The Nuestra Señora dela Asuncion church in Bulacan is now a heritage site
The 439-year-old church finally gets a spot on the list of heritage sites in the Philippines
Jun 23, 2017
I have always been fascinated by old churches both here and abroad. Every church has its own story—and not all of them lived to tell the world. The Sagrada Família in Barcelona is one of my favorites, though I have yet to fly to Spain to actually explore and admire it. I have been to a few beautiful churches in the Philippines as well, and I’m confident to say that we have a lot to be proud of.
As of writing, we now have another heritage site added to the list. The Nuestra Señora dela Asuncion church in Bulakan, Bulacan was recently declared as a national cultural heritage site by the National Museum of the Philippines.

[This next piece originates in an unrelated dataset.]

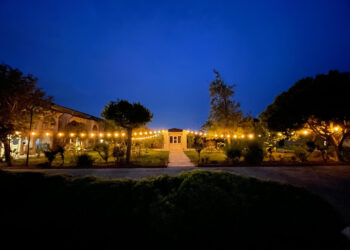 Antalya TRT Lara Polis Kampı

The church was completed in August 1578, a few years ahead another national treasure, the University of Santo Tomas. The declaration identified “the antiquity, architectural beauty and historicity of the church, the patio, the old convent (now Assumpta Academy), and the camposanto (cemetery),” said Joey Meneses Rodrigo, municipal tourism and information officer.
Neo-Mudéjar is a type of Moorish Revival architecture from Madrid, Spain. Jan Jacob Carpio, a researcher of the Institute of Philippine Culture in Ateneo de Manila University, said that the church carries an architectural style similar to the Mudéjar style associated with the Muslim community of the Spanish Iberia. Aside from the church’s Moorish features, the façade also bears the Neo-Romanesque features of churches like the Manila Cathedral and the Santa Lucia church in Ilocos Sur.
There’s a marker put up by the National Historical Commission of the Philippines that reads, “It was invaded and destroyed by the British forces in 1762. It was rebuilt in 1812. A watchtower was constructed in 1877. The church was destroyed by the earthquakes… and was rebuilt, incorporating Neo-Byzantine features, from 1884 to 1885.” It’s clear that the church has been through a lot of peaks and valleys for the past 439 years, but with the declaration, it has now become a protected heritage site and an important cultural property.
Another fun fact: Gregorio del Pilar spared Nuestra Señora dela Asuncion in 1899 when Gen. Emilio Aguinaldo ordered him to burn all buildings that could be used by American troops after the Philippine-American war began. Thanks, Goyo. We owe you one.